Cooper Brown: Peaches Geldof
Back in civilisation, back in London, thank God. I went on a bender to celebrate my mom’s departure to the US. Ben took me to this weird place where we ended up with a bunch of young trendies that included the insufferable Peaches Geldof. God knows what it is that this girl does to fill her empty days.
She tottered about the place like a walrus on stilts telling anybody who’d listen about some new TV show. I presumed it involved following her through rehab, but, unbelievably, she appeared to be presenting something. This surely required her to read an autocue so I have absolutely no idea how she gets by. But she was staggering about this place telling anybody who’d listen that she was “like? into? like? poetry and... like? stuff.”
I told Ben that she was too much for even someone like me and we left and headed to the Groucho where we would be more among our own sort. Having lived in LA for several years, it’s interesting to try to work out who are thicker – the “it” girls of London or LA?

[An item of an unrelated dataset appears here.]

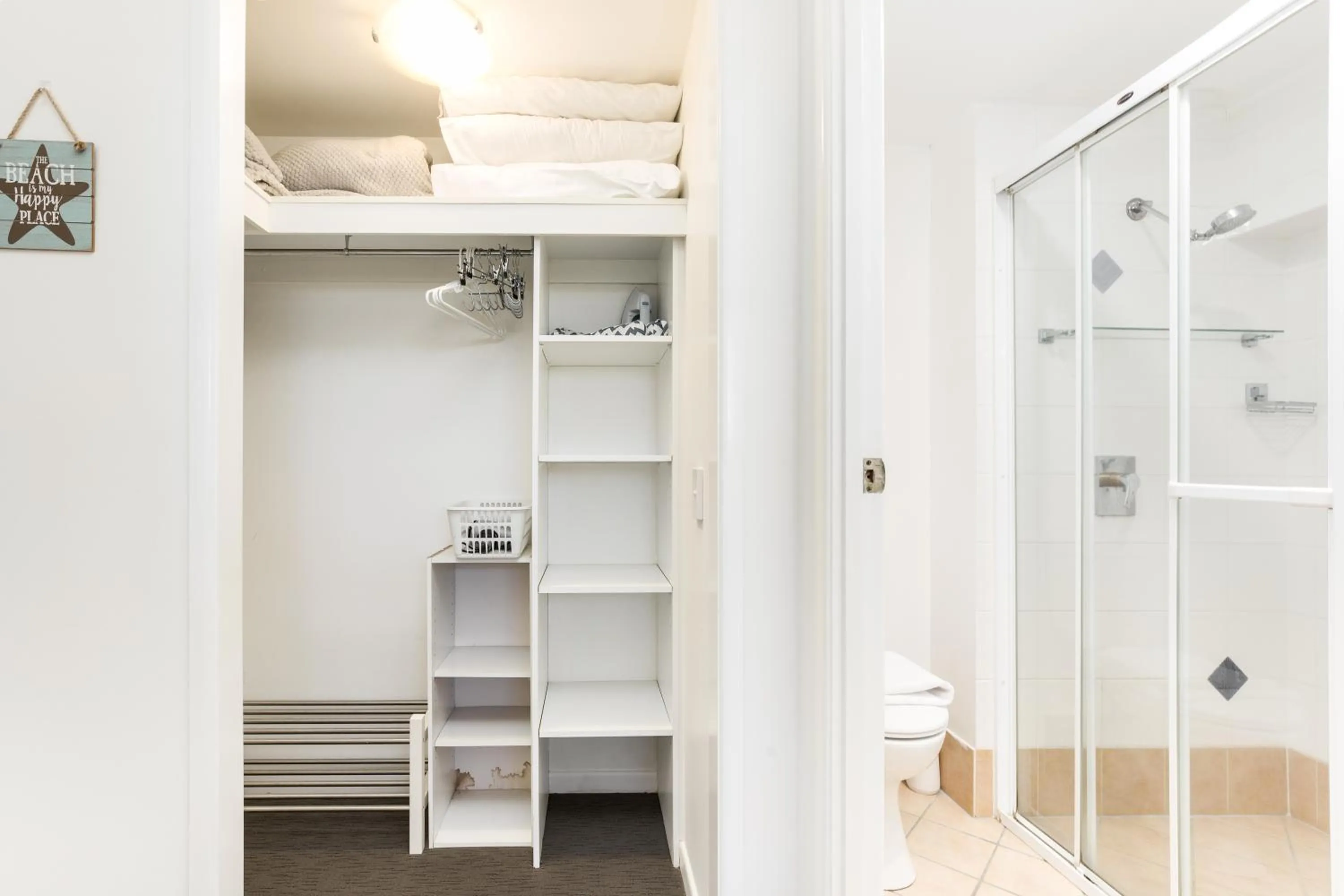 Bathroom in Marcoola Beach Resort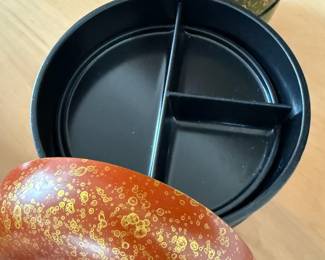 Japanese Lacquered Bento Boxes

It’s a close one. Paris and her acolytes are as dumb as dead chickens but the difference is that they never pretend to be anything else. The Brit versions – led by Peaches – seem to think they have something to say, some inner knowledge gleaned from getting trashed and spending Daddy’s money. This makes them way worse in my eyes. Say what you want about George W but he knew he had his limits and delegated well to smart people like Rummy. Cooper Out.
A handsome bald male, Cooper Brown is a 21st century success story. While doing an internship at Paramount in LA some big shots liked the Cooper style and took him under their wing. Now he’s a veteran of the shallow, backstabbing and treacherous movie industry, and he loves it.